文摘Dose-response studies in arthropod research usually involve observing and collecting successive information at different times on the same group of insects exposed to different concentrations of stimulus. When the same measure is collected repeatedly over time, the data become correlated and Probit Analysis technique which is the standard method in analyzing bioassay experiments data cannot be used.
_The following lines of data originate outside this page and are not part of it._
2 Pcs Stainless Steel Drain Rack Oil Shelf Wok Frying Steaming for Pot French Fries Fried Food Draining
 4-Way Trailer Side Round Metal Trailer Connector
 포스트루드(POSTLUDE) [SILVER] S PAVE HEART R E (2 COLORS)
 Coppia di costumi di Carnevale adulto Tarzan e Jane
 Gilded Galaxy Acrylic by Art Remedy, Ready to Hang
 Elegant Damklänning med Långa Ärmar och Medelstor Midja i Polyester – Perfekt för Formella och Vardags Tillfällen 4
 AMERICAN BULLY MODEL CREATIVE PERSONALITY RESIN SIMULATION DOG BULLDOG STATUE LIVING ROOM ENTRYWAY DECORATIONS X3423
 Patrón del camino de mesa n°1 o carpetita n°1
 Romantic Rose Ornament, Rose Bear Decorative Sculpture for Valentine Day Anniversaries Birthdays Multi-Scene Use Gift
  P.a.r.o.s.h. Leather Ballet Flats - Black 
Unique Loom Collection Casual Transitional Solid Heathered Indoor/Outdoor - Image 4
Lethal time is estimated when the speed of kill is of interest since mortality varies over time. We evaluate a complementary approach, repeated measures logistic regression using Generalized Estimating Equations (GEE), for lethal time determination in mosquito dose response. Mortality data from anopheles larva exposed to 3 botanical extracts (B,C,E) at 4 concentration levels: 500 mg/ml, 250 mg/ml, 50 mg/ml and 12.5 mg/ml were used. The result shows the estimated LT50 values with concentration 500 mg/ml being the most virulent chemical for extract B (LT50 = 10.3 hrs), C (LT50 = 7.2 hrs) and E (LT50 = 10.3 hrs). The least virulent chemical was concentration 12.5 mg/ml for extract B (LT50 = 52.1 hrs), C (LT50 = 70.7 hrs) and E (LT50 = 55.0 hrs). We conclude that repeated measures of logistic regression via GEE can be used as a tool to estimate LT50 more effectively in repeated measures of arthropod data.